I'm fond of the idea of Erlang as a "systems glue" while using other languages for performance or safety.

Another example is an Erlang node in OCaml, with a very nice writeup by Ulf Wiger explaining the reasoning for this kind of architecture:

http://code.google.com/p/erlocaml/


I seem to recall that Sergey Aleynikov was using something like this for his HFT.


Chicago's Connamara Systems does this with their HFT framework.

http://www.connamara.com/solutions-hftframework.html


There are major semantic disagreements between Go and Erlang, and I would consider it somewhat dangerous to try to attach them too closely together like this. For one, the fact that Erlang messages are fundamentally asynchronous and Go messages synchronous (or buffered, but in Erlang terms, that still basically synchronous, just with weirder semantics); the inability to constrain message order coming from Erlang and going into Go is just asking for deadlocks if your Go servers are anything other than RPC servers (ie, one message in leads to precisely one message out, guaranteed, and no other channel communication within that handler). For another, Erlang messages are untyped and Go channels are typed, not to mention Erlang's type system and Go's don't really get along either. It's nice to hook them up like this, but I suspect in practice this is going to prove surprisingly less useful that hooking the two together across a protocol that carries a lot less semantics in it, like any existing messaging server. You're going to end up with that semantic translation layer on the Go side anyhow.

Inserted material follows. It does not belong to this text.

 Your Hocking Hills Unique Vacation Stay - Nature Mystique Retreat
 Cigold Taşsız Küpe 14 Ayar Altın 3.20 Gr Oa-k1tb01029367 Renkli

I don't think the answer to solving concurrency and parallelism problems lies entirely in the approach of Go, Erlang, or some other language. Rather, different layers of approaches seems to be the best solution. Using an asynchronous, Erlang-style, mailbox & message protocol might better approximate the network latency costs in the distributed layer of a system, while synchronized lightweight threads such as in Go might be better suited to take advantage of single-machine hardware. And that's what this project is enabling: use Erlang-style coordination, with Go-style optimized worker processes. It's just providing another option for managing concurrency, and it might be more suitable than, say, Paxos in many situations.

As far as the type systems go, it's been well established practice that you use a data interchange format. I thought Erlang used strings for its messages - surely Go can handle strings as well.

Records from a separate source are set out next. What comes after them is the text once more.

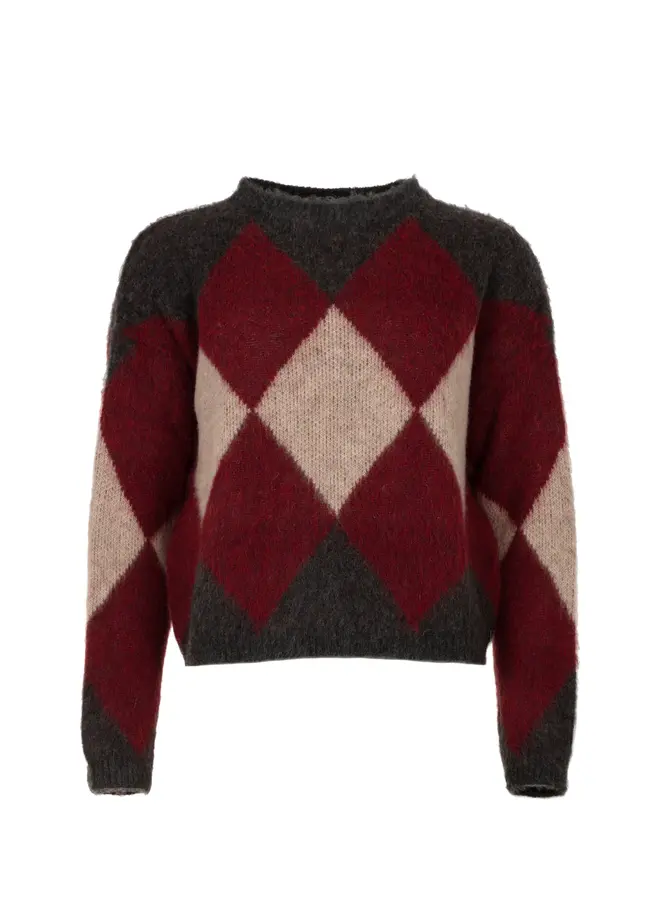 Zargyle Multi Knit Pull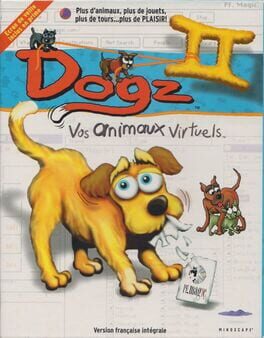 Foto do jogo Dogz 2: Your Virtual Petz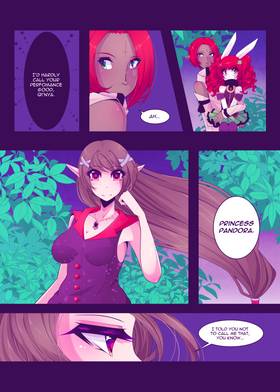 Read Welcome to Paradise  4 Page 3 in English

I don't think that you'd necessarily need to have both Erlang and Go running here - rather, this might be best for writing Go systems that 'act like' Erlang systems.

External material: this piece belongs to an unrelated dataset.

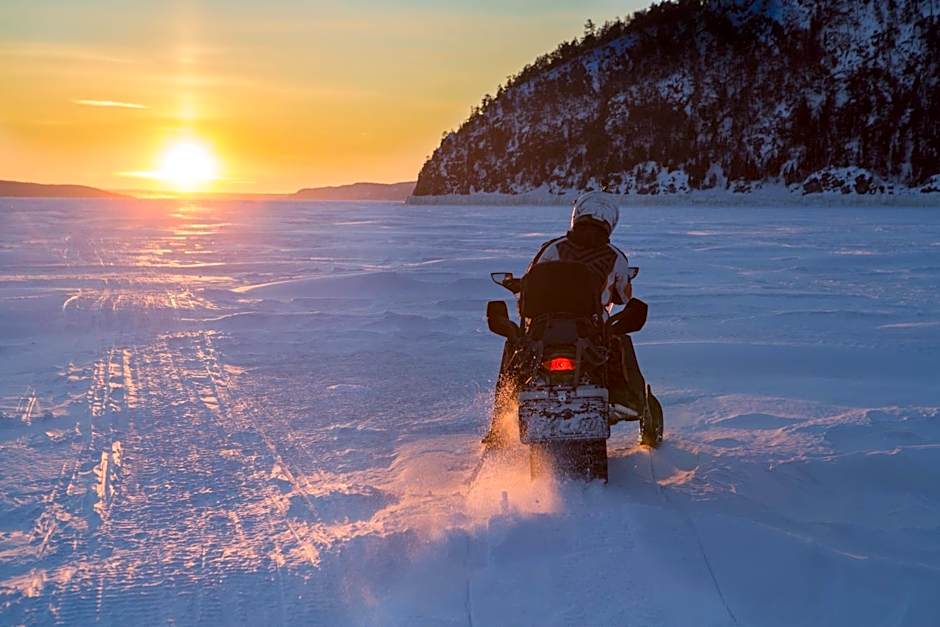 Auberge Cap au Leste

No, this is about Go functioning as an Erlang node using the Erlang node communication protocol, and my objection is precisely that this is not using "different layers of approaches"; it is simply smashing one model up against another without an intervening layer, which is likely to produce unhappy consequences on both sides. You need an intervening layer between Go and Erlang because despite their superficial similarities, they are very different.

You can not do Erlang-style communication with Go processes. The channel-process id gulf is fairly large (though potentially crossable in Go if you just throw away a great deal of the style of the language and really jam in the idea that channels are instead untyped channels for which only one goroutine will receive, every clause of which is false at the language level and you will be enforcing it strictly manually), and the synchronous-asynchronous barrier is effectively uncrossable. If you try to program Erlang in Go, Go will deadlock. Frequently. (Although if you are foolish enough to try to simulate it with extensive use of buffered channels, it will only deadlock "frequently" in production, rather than in testing. Buffered channels are still synchronous, in the end.)

It may be a useful tool in conjunction with an abstraction layer, but the affordance of using this directly is dangerous.


With what little knowledge I have of erlang, I'd have to agree. However, since go is intended for high concurrency, I wonder if there's some value in creating an OTP style framework. I'd love to see a simple (well, relatively) and robust way to create distributed service in go.


They should have called this project "ergo".